Image-text web data
* * * * * * *

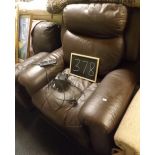 A DARK BROWN ELECTRIC ARMCHAIR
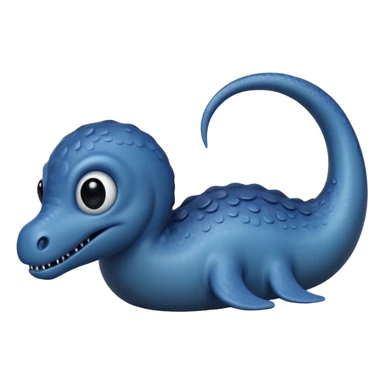A realistic greyish-dark-blue gloomy Loch-Ness-plesiosaurus-monster with black tiny orb-eyes sticker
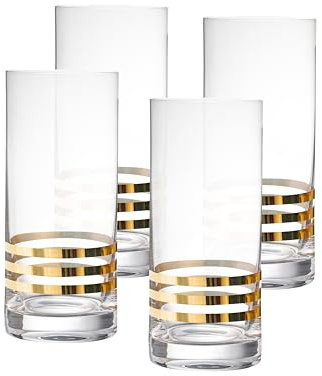 Barski Highball-Gläser aus Glas – 4 Stück – Hiballgläser – Kristallglas – drei goldene Streifen – Trinkgläser – für Wasser, Saft, Wein, Bier und Cocktails – 400 ml – von Barski – hergestellt in Europa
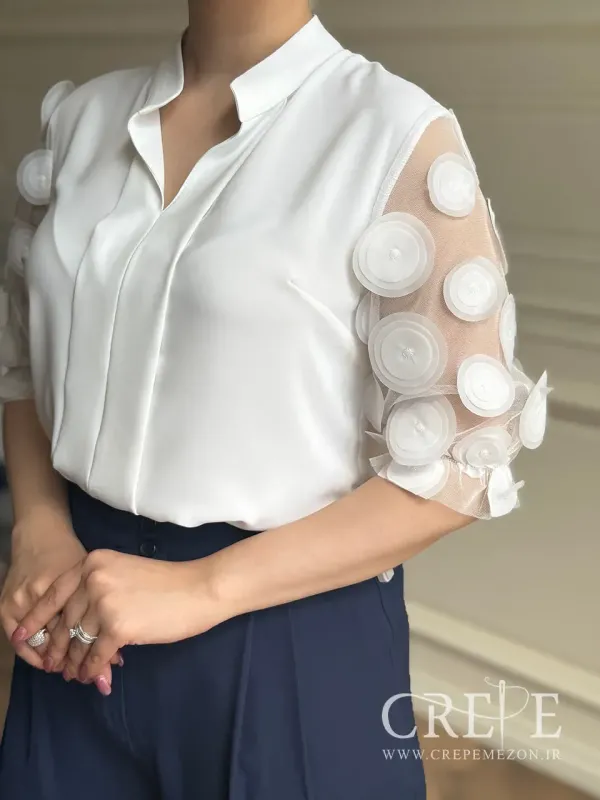 شومیز آستین توری توپی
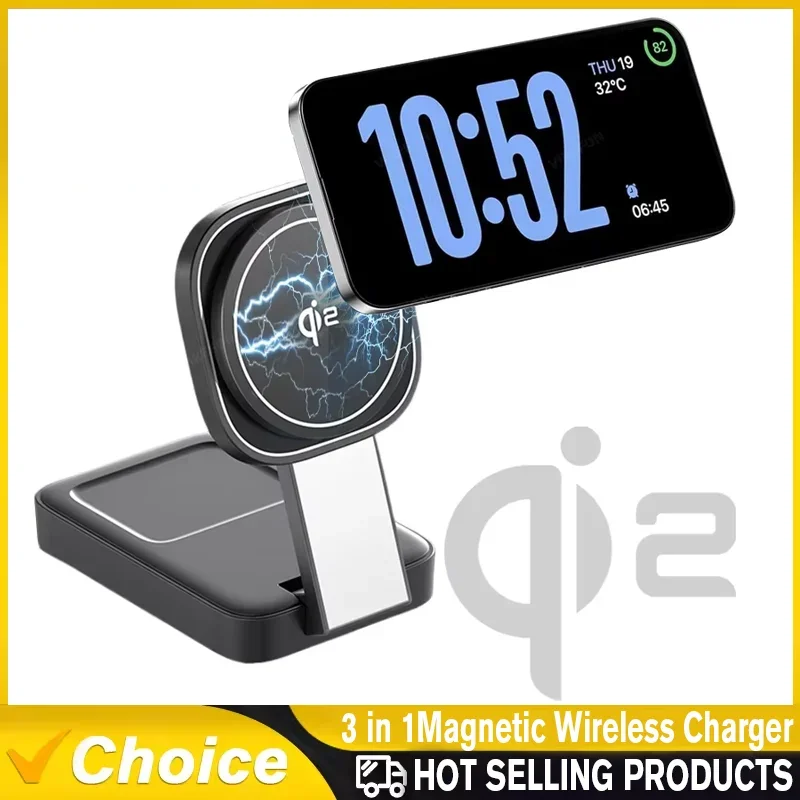 Qi2 15W Magnetic Wireless Charger Stand 3-in-1 Charging Stand For iPhone 16 15 14 Apple Watch AirPods For MagSafe Fast Charger Qi2 15W Magnetic Wireless Charger Stand 3-in-1 Charging Stand For iPhone 16 15 14 Apple Watch AirPods For MagSafe Fast Charger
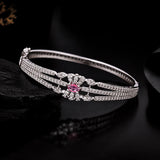 Sparkling Elegance Pink Bloom CZ Bracelet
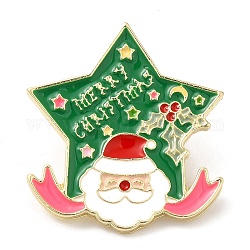 Weihnachtsmotiv-Emaille-Pins, hellgoldlegierungsabzeichen für rucksackkleidung, Weihnachtsmann, 30x27x2 mm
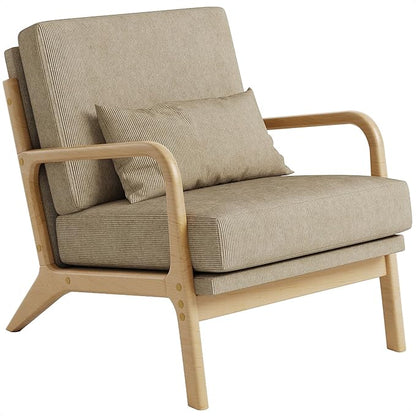 Claiks Mid-Century Modern Accent Chair, Living Room Armchair with Solid Wood Frame & Lumbar Pillow, Comfy Upholstered Lounge Chair for Bedroom, Office, Corduroy, Khaki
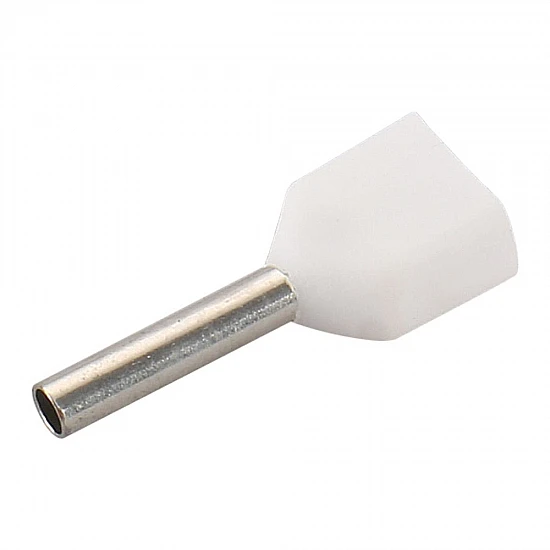 TE0508 Twin Insulated Cord Pin End Terminal White (2x0.5mm²)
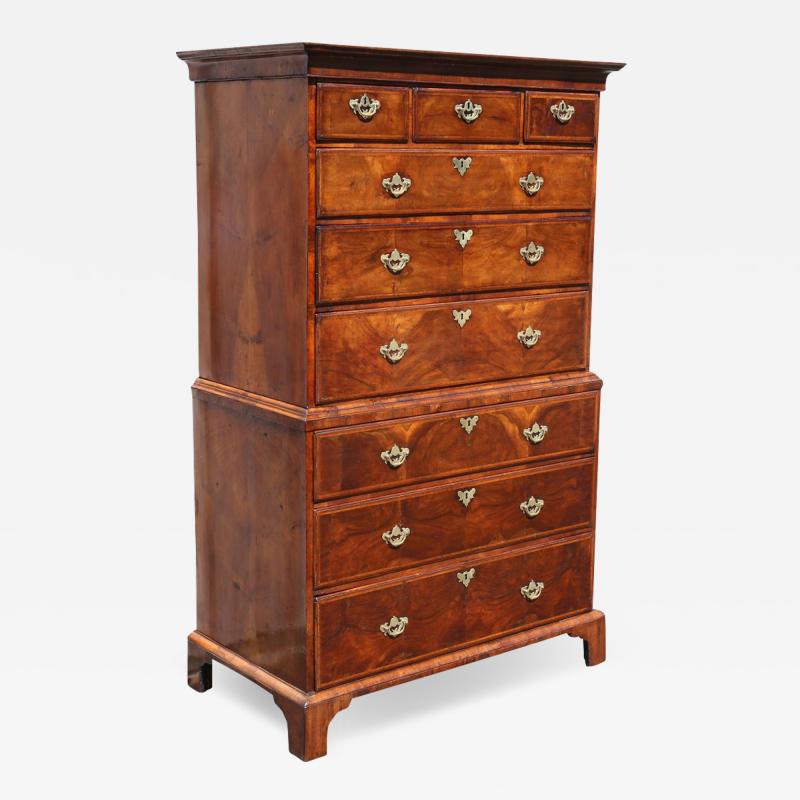 George II Walnut Chest on Chest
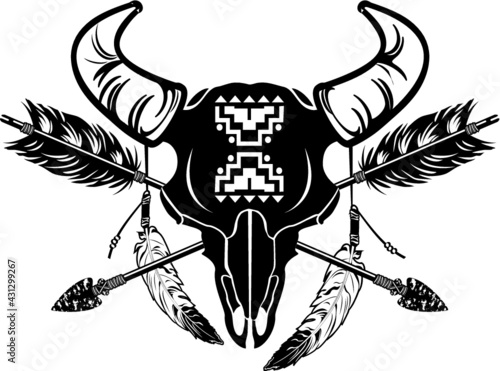 native american indian symbol, Buffalo Skull With arrows and Feathers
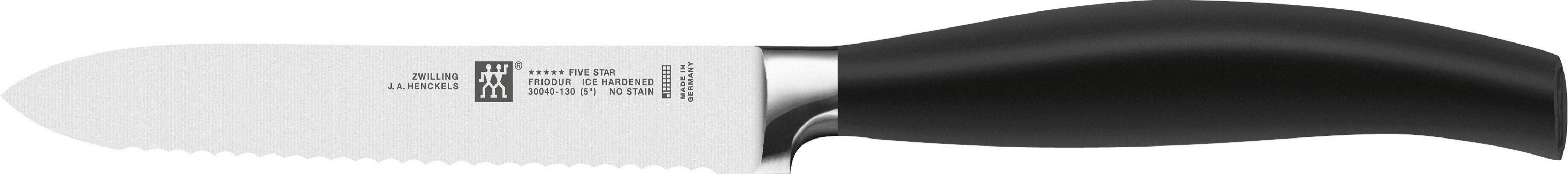 Zwilling Messenblok ***** FIVE STAR Messenblok met 4 messen + 1 schaar + 1 aanzetstaal, berken, zwart (set, 8-delig)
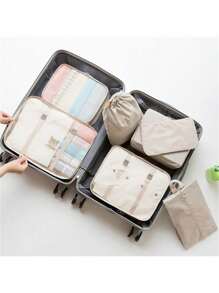 7/8 pièces Ensemble d'organisateur de voyage - Sacs de rangement multifonctionnels, sac à pinceaux de maquillage, sac à cosmétiques, sac à produits de soins de la peau, sac à vêtements, sacs à fermeture éclair, sac fourre-tout, sac à mailles, sac à chaussures, sac à bouteille, sac à cordon, sac général, sac à lingerie, organiseur de bagage, organiseur de bijoux, trousse de toilette. Grande capacité, portable, maille, gain de place, convient au rangement des vêtements, pantalons, sous-vêtements, cosmétiques, articles de toilette, chaussures, nécessités quotidiennes, organisation des voyages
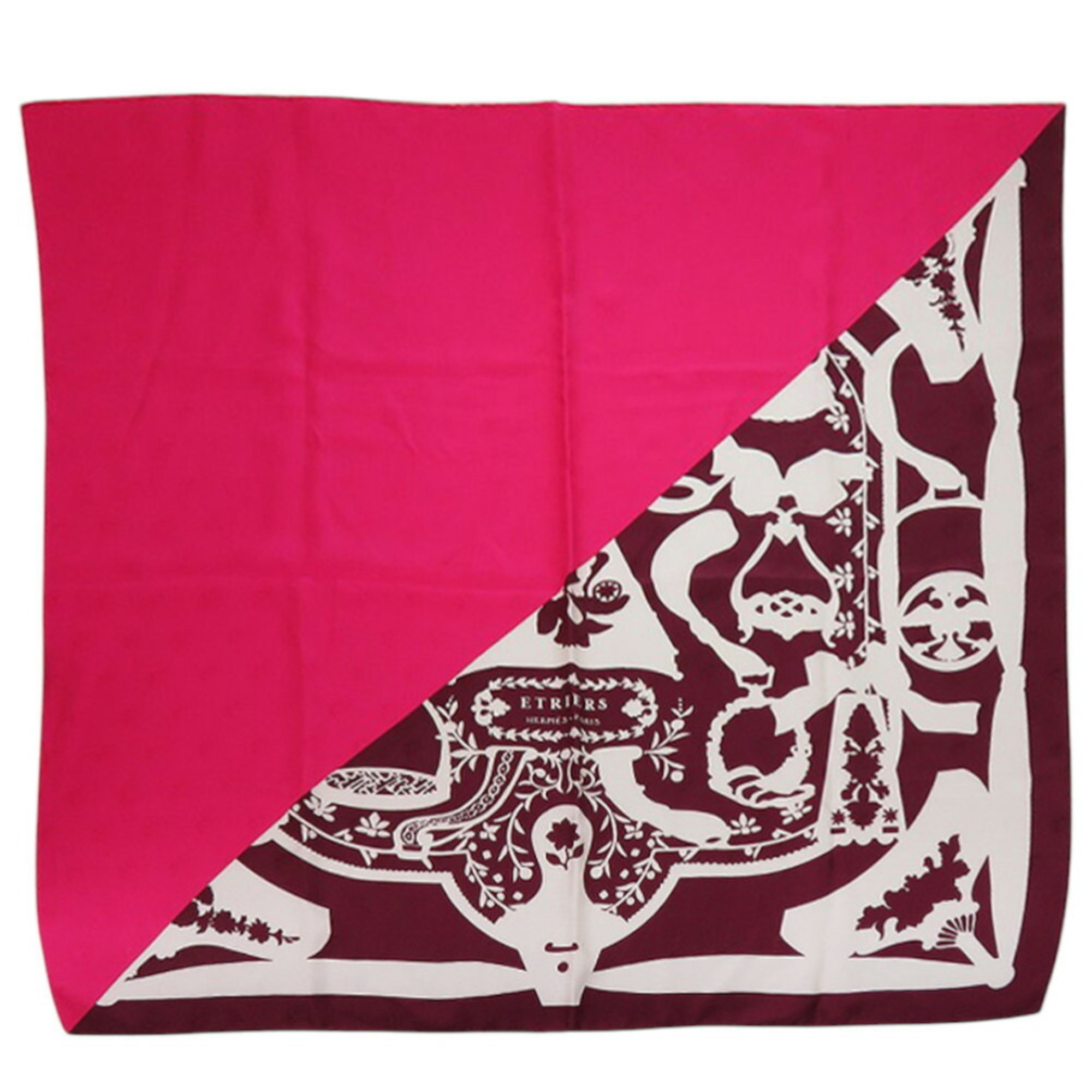 HermÃ¨s CarrÃ© 90 Cadre EtriÃ¨re Tattoo Silk Pink Scarf Muffler 0394HERMES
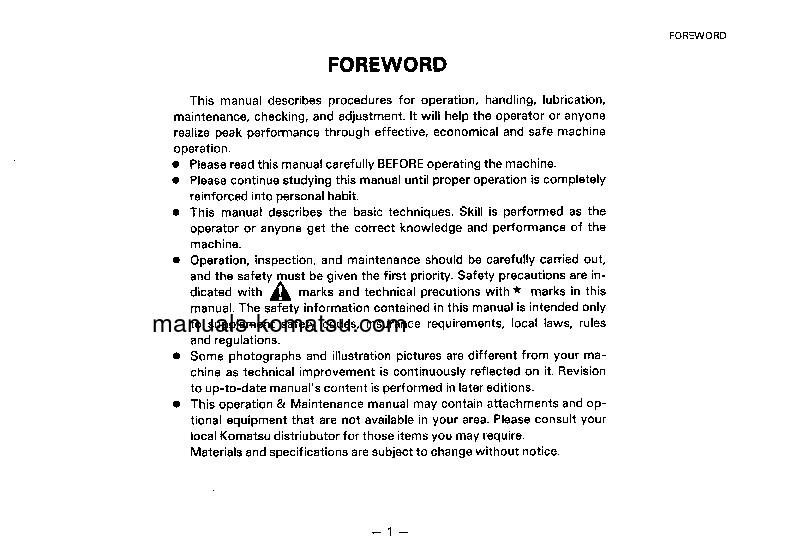 Protected: GD313A-1(JPN) S/N 30001-UP Operation manual (English)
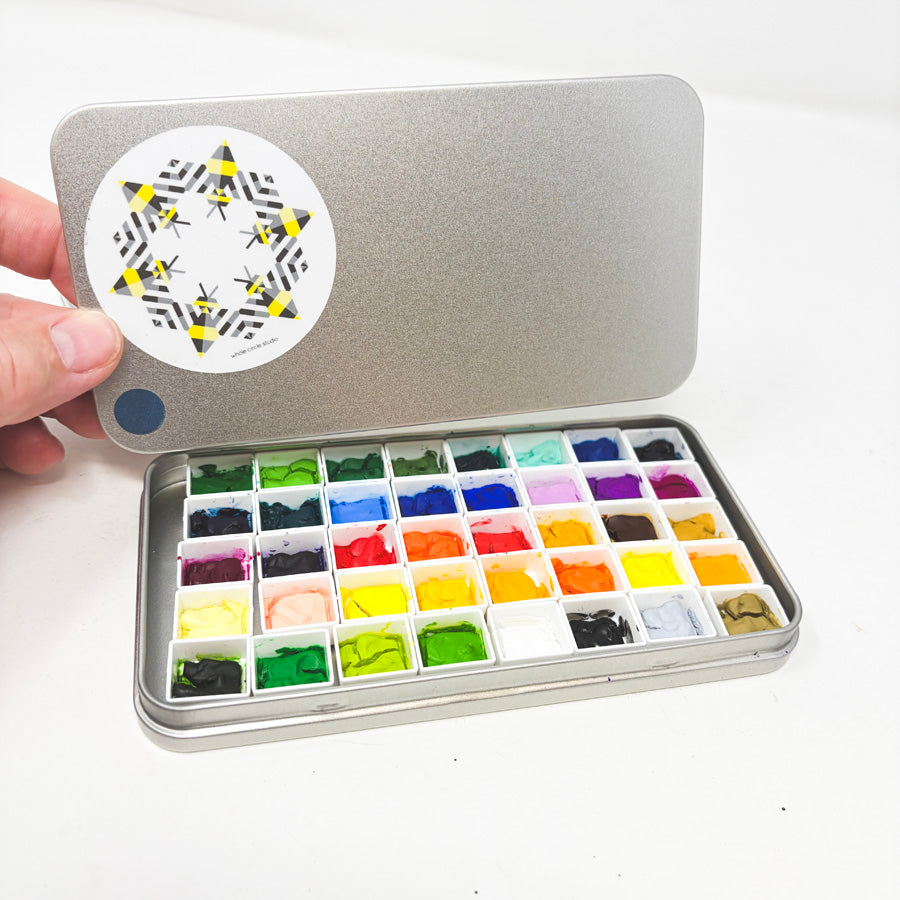 Unknown Paints in Metal Tins with Trays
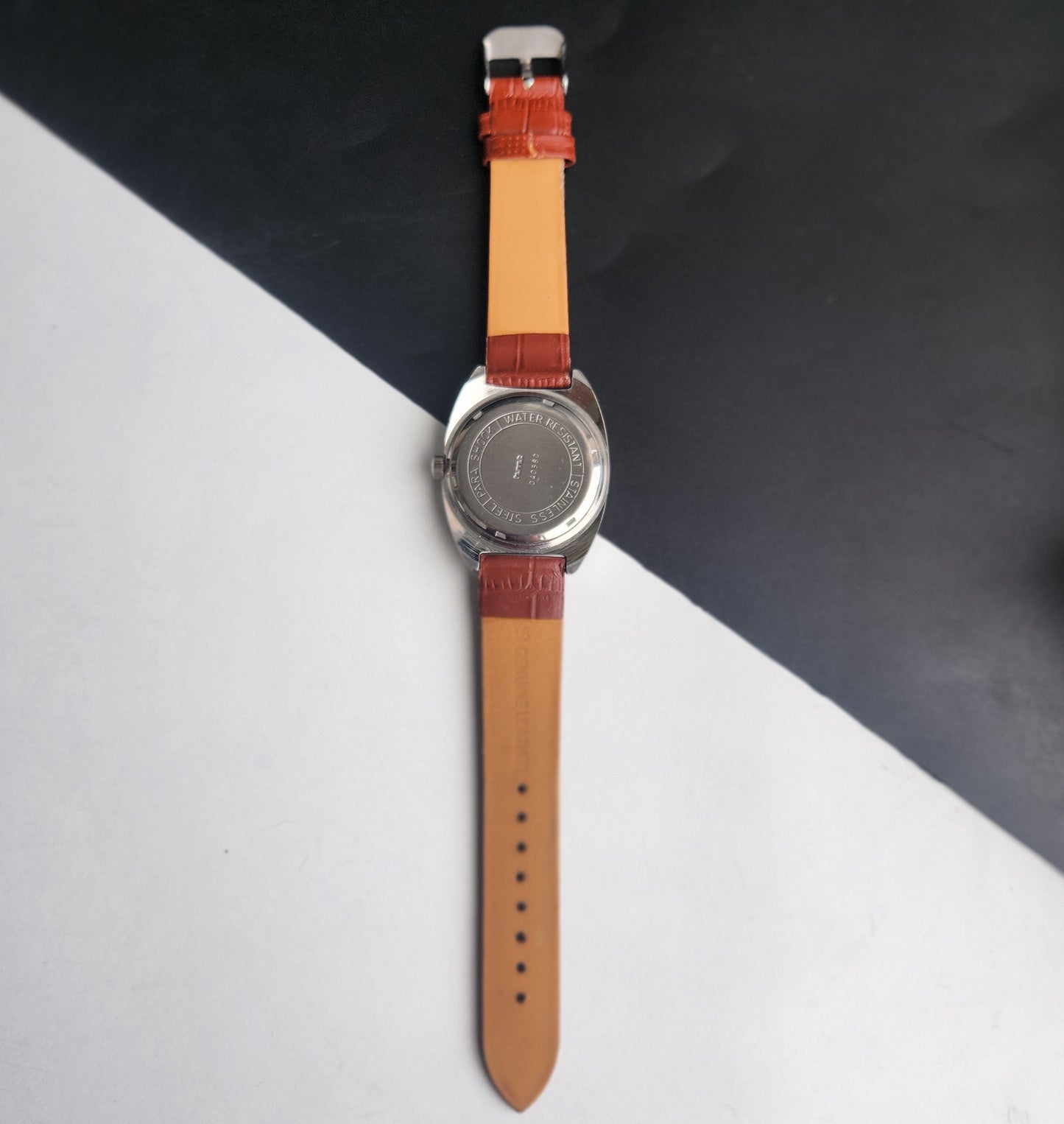 Vintage Original HMT Vijay Hand Winding 17 Jewels Golden Face Tan Leather Strap Men's Wrist Watch I29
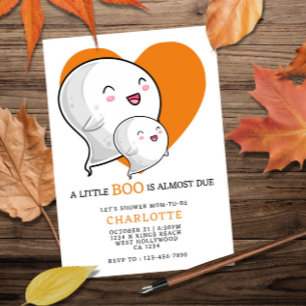 A Little Boo is Almost Due Halloween Baby Shower Invitation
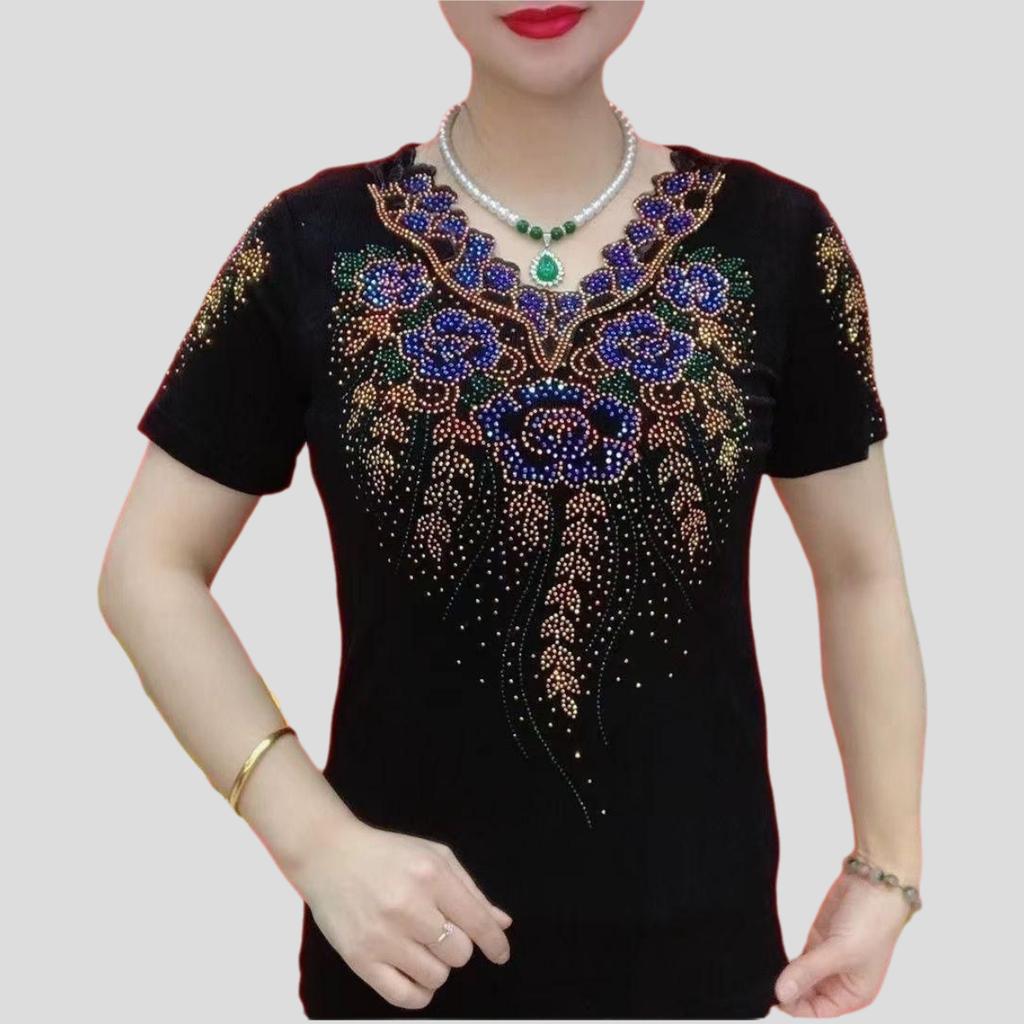 Women's V-neck Short Sleeve T-shirt Rhinestone Print High Stretch Slim-fit T-shirt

* * * * * * *

Your answer is the exact run of lines above from the one with "George II Walnut Chest on Chest" through the one with "Zwilling Messenblok *****", both ends included, minus any picture.

 George II Walnut Chest on Chest
 native american indian symbol, Buffalo Skull With arrows and Feathers
 Zwilling Messenblok ***** FIVE STAR Messenblok met 4 messen + 1 schaar + 1 aanzetstaal, berken, zwart (set, 8-delig)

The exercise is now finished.